This invention relates to a cooling system for controlled start transmission gear reducers, and other industrial equipment where cooling of portions of same are desirable. Controlled start transmission gear reducers utilize controlled braking of the reaction member of a differential gear reducer under the command of a closed loop control system to provide precisely controlled acceleration of high inertial loads. Such reducers are particularly well suited to the power requirements of long belt conveyors where gradual acceleration is desired to minimize belt stress and shock to the mechanical components such as gears, bearings, keys, shafts, couplings, pulleys, splices and other structural members.
Frequent starts of such systems, utilizing the controlled start transmission gear reducer, generates heat in the clutch disk at the output shaft end of the reducer. Cooling of the clutch disk during the operation of the gear reducer is thus very desirable, if not required.
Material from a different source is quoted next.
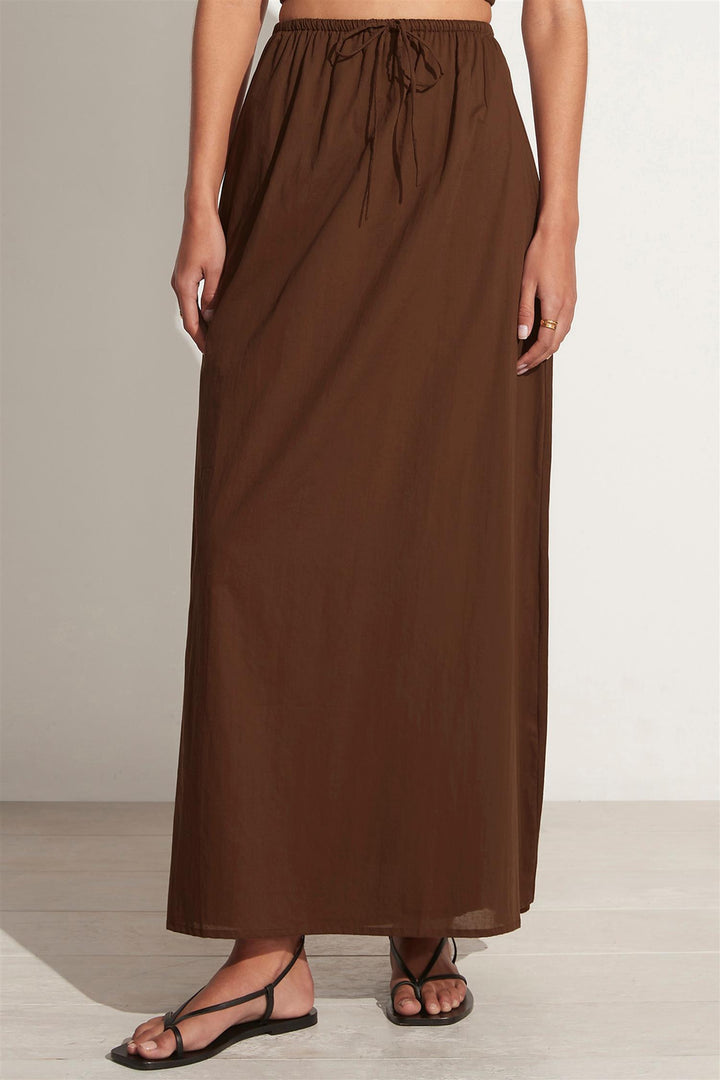 Jaddha Maxi Skirt Chocolate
Controlled start transmission gear reducers, as manufactured by The Dodge Division of Reliance Electric Company, Greenville, S. C. include the input shaft located in either the three o'clock position or the nine o'clock position on the input end of the gear reducer. Moreover, such gear reducers are convertible from one position to the other in the field. In either position, the gear reducer must be able to operate in either the clockwise or the counter-clockwise direction. Such requirements dictate a cooling system that is capable of cooling the clutch disk regardless of position the input shaft and regardless of rotational direction of the input shaft.
Conventionally, the gear reducers as noted above, as well as other drive apparatus have utilized an enclosure through which cooling air passed. When, however, fan location or rotational direction is changed, a general decrease in air flow efficiency is present for prior enclosures or shrouds were generally designed with one particular air flow pattern in mind. The present invention overcomes the inefficiencies of prior devices and is equally efficient, regardless of location of the fan or direction of fan rotation.